To: Chapman Flack <nblists@anastigmatix.net>
From: Garrett D'Amore <garrett_damore@tadpole.com>
List: tech-kern
Date: 04/26/2006 22:13:28
Chapman Flack wrote:
> Simon Burge wrote:
>>> From what I understand so far, it's only savecore that really cares
>> about the exact location of the kernel? All the rest of the programs
>> can use ksyms or sysctls or whatever instead, and don't need direct
>> access to the kernel file itself.
>
> Yes ... they *could* all use sysctls ... the theory is lovely ...
> but about 18 of 'em currently don't, and by what date do you predict
> all 18 will have been re-engineered to use sysctls? Bear in mind that
> for each one this requires analyzing the data structures it currently
> grovels from the kernel, designing an equivalent structure in terms of
> sysctl nodes, implementing the kernel code to supply the newly designed
> sysctl node interface, and then adapting the userland tool to use it.
>
> In the meantime, any one of these tools, not just savecore, can give
> you arbitrary misbehavior if it is wrong about the kernel file to
> look in.
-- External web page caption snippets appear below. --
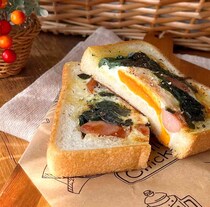 これ1枚でしっかり満腹！「ほうれん草と卵のくり抜きトースト」の作り方
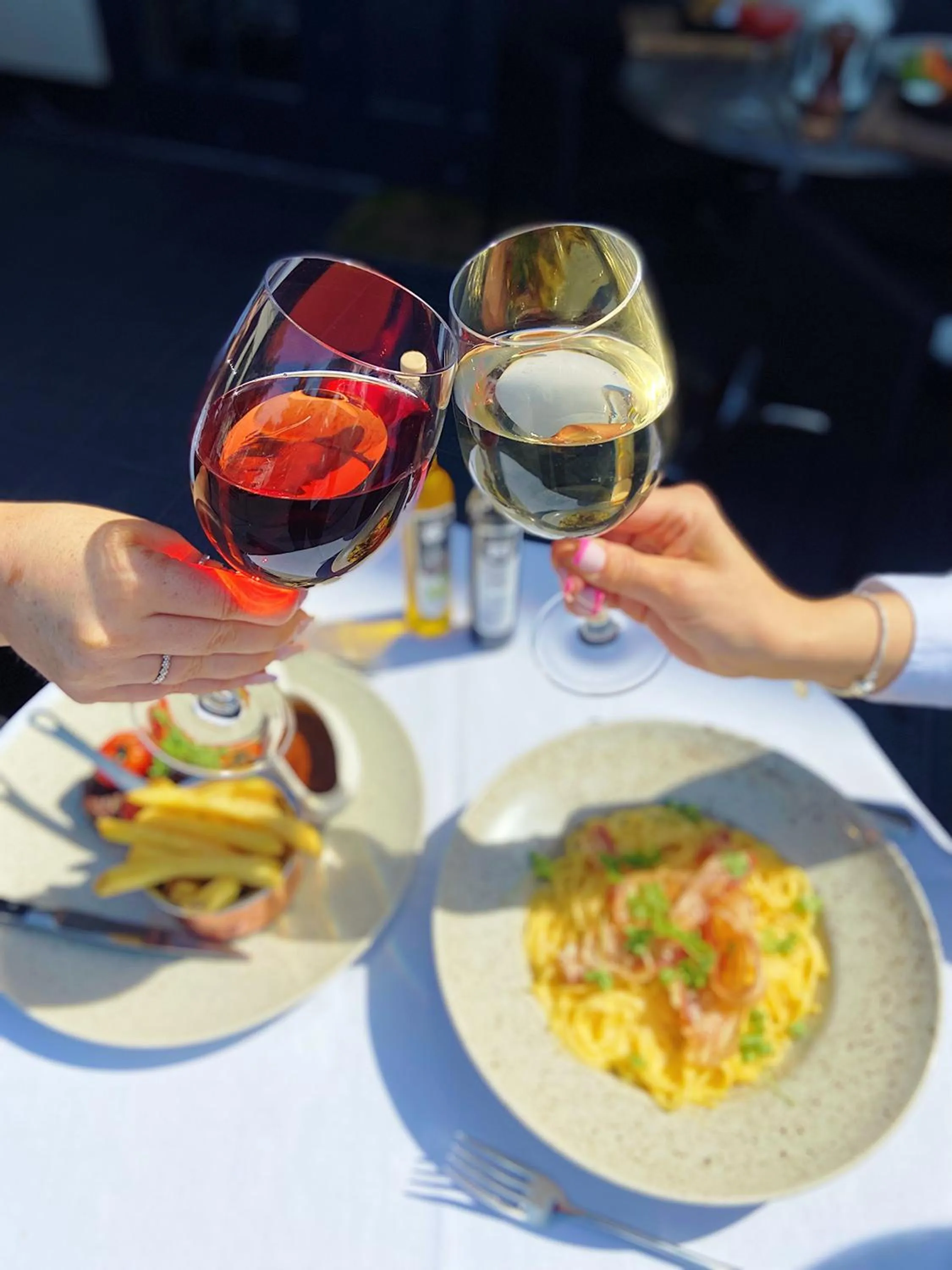 Food and drinks in Crowne Plaza East Midlands Airport by IHG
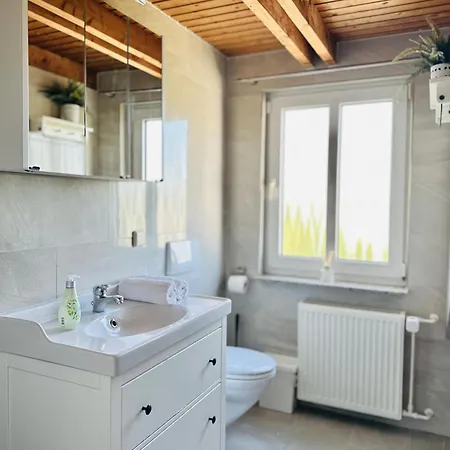 Stadtnah Mit Ausblick Apartment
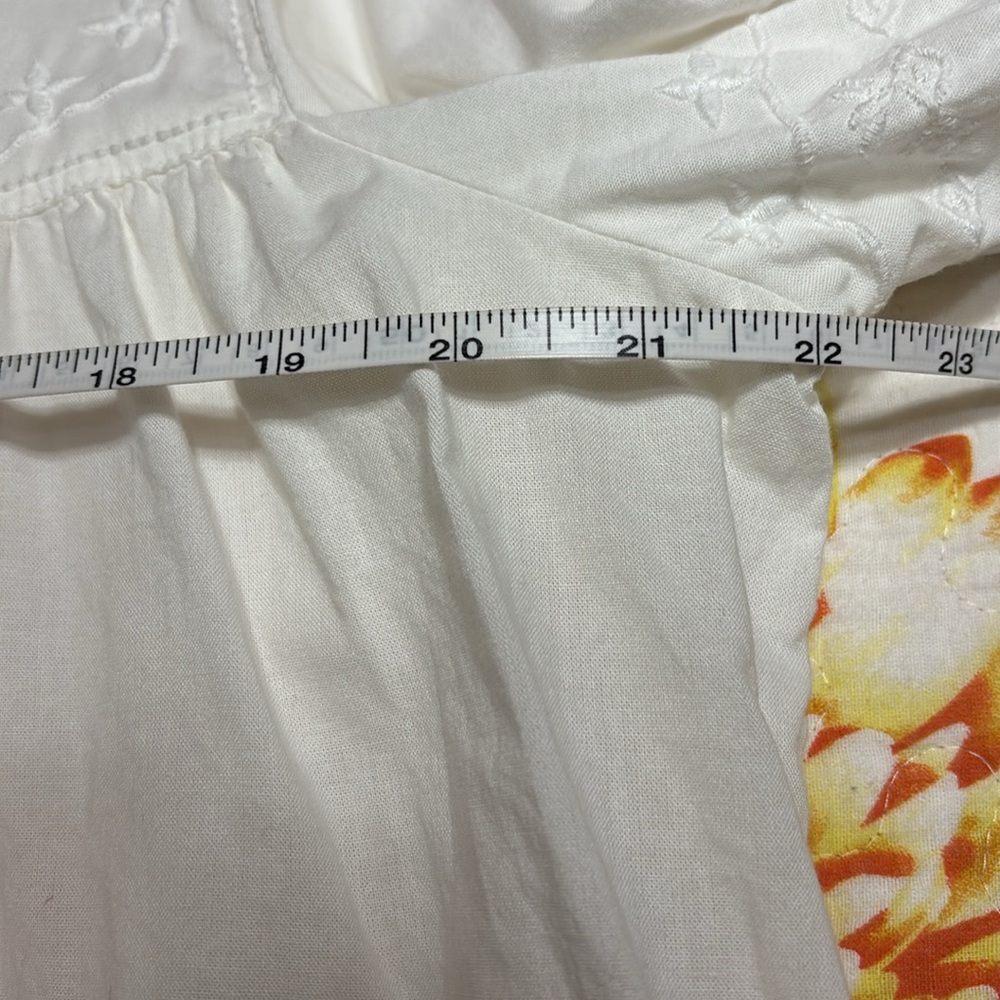 Time and True White Embroidered Women's Top 16/18 - Picture 5 of 8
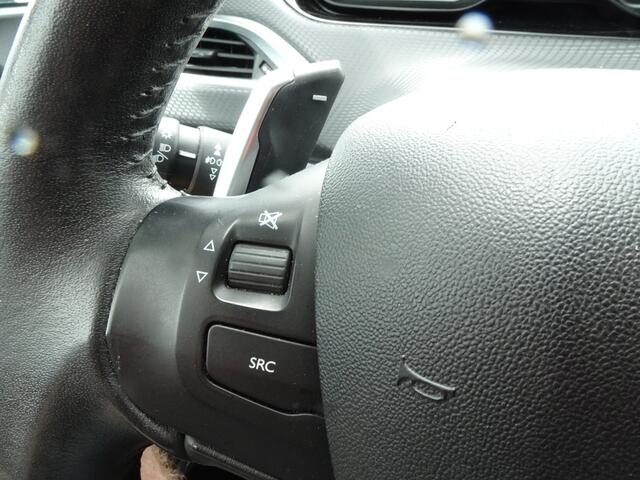 Peugeot 2008 1.2 PureTech Blue Lion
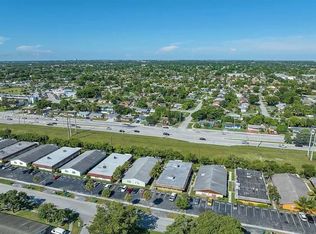 581 Kathy Ln APT B, Pompano Beach, FL 33068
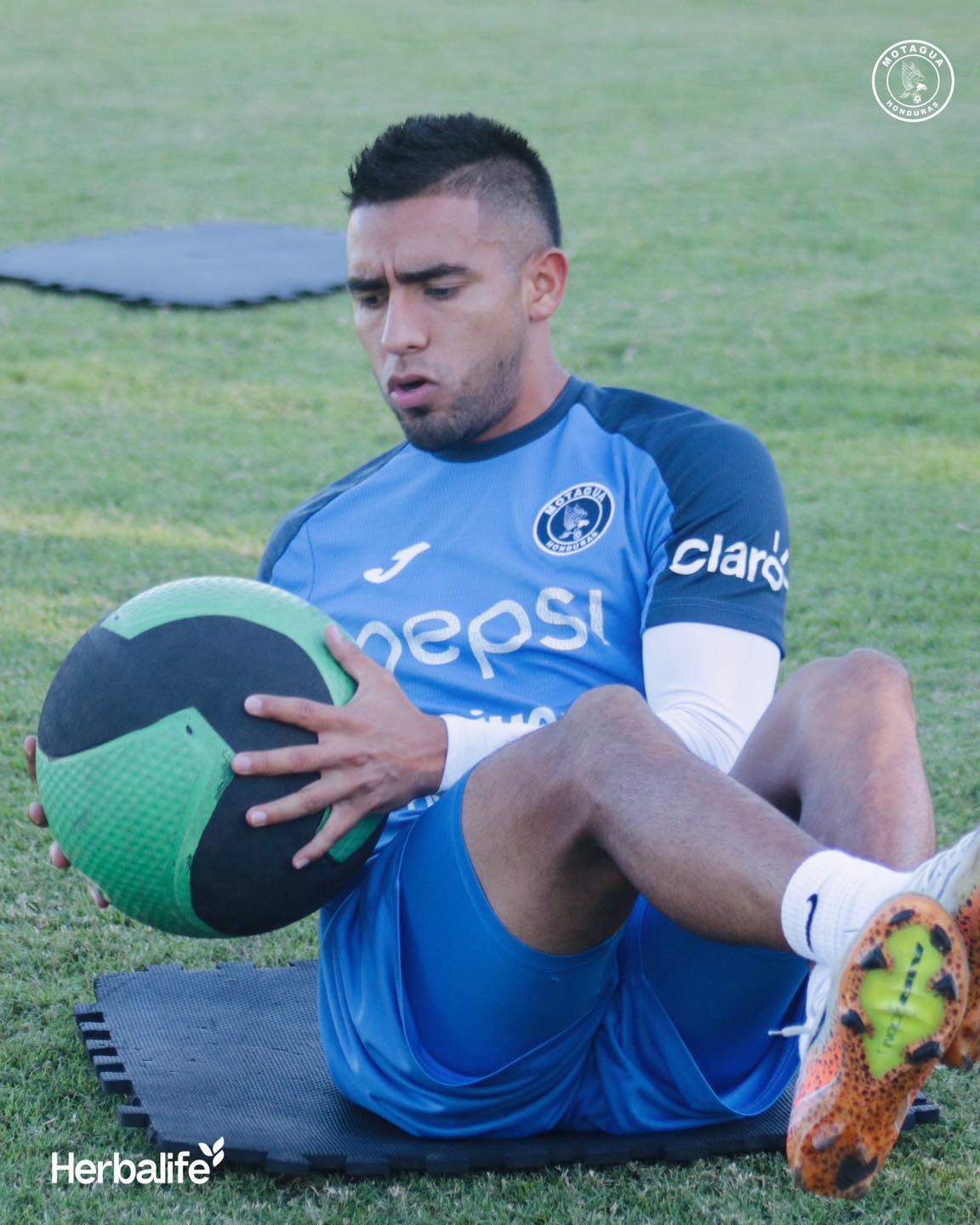 Motagua: ritual al nuevo fichaje y celebración de cumpleaños antes de viajar a su primer amistoso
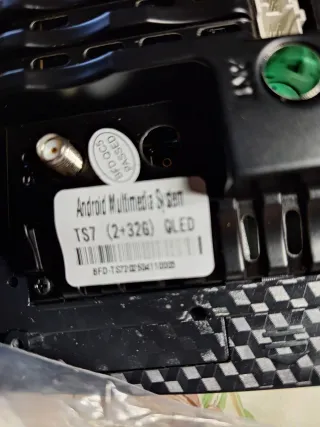 Pantalla Coche 9 + Cámara Trasera de 2gb +32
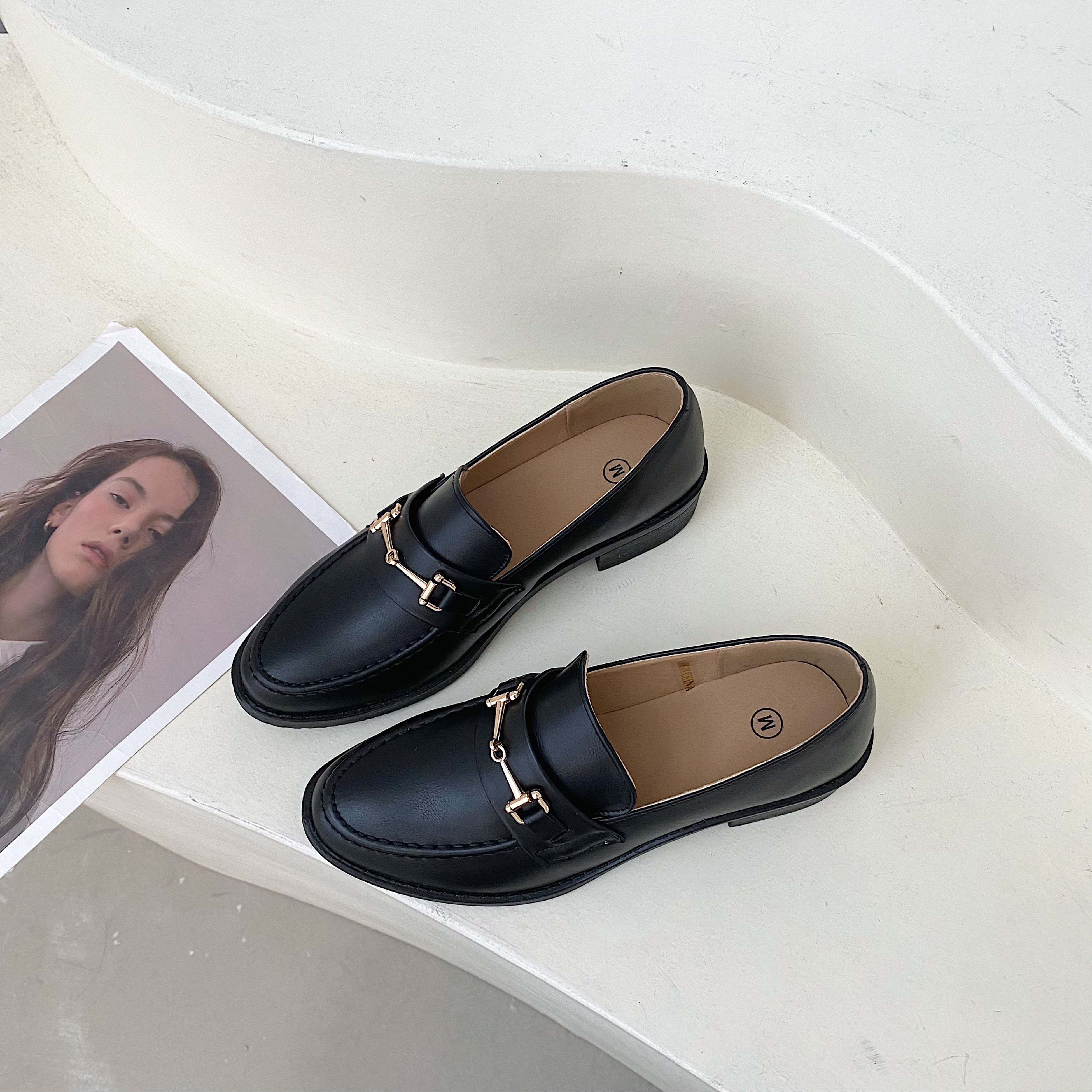 驚きの超軽量、片足約170g(※Mサイズ計測)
If the file name it's using corresponds to no file at all,
> it will probably give you an error. This is comparatively good. If
> the name leads to a kernel but not the exact kernel you specified
> at the last boot, they tend to happily and silently give you bogus
> information. I mentioned, for example, netstat giving a plausible but
> wrong list of currently listening sockets. Think for a moment about
> how good this isn't.
>
> The situation where the groveler grovels the wrong kernel is not
> unlikely to arise if your kernels live somewhere other than / and
> you try the obvious approach of a simple symlink from /netbsd to
> one of your kernels. As long as that's the kernel you boot most
> of the time, that'll be right most of the time; the rest of the
> time it's wrong. This constitutes a trap for sysadmins.
>
> I think we all agree it would be wonderful to rewrite the grovelers
> (or maybe just the 17 that aren't savecore) to use a grovel-free
> interface. In the meantime do we continue shipping the trap
> without offering a clearly-documented trivially easy way for admins
> to disarm the trap?
Uh, I thought that some of them at least used ksyms so that they didn't
need an actual kernel binary. This behavior is IMO better at least in
that this misbehavior that you discuss cannot occur.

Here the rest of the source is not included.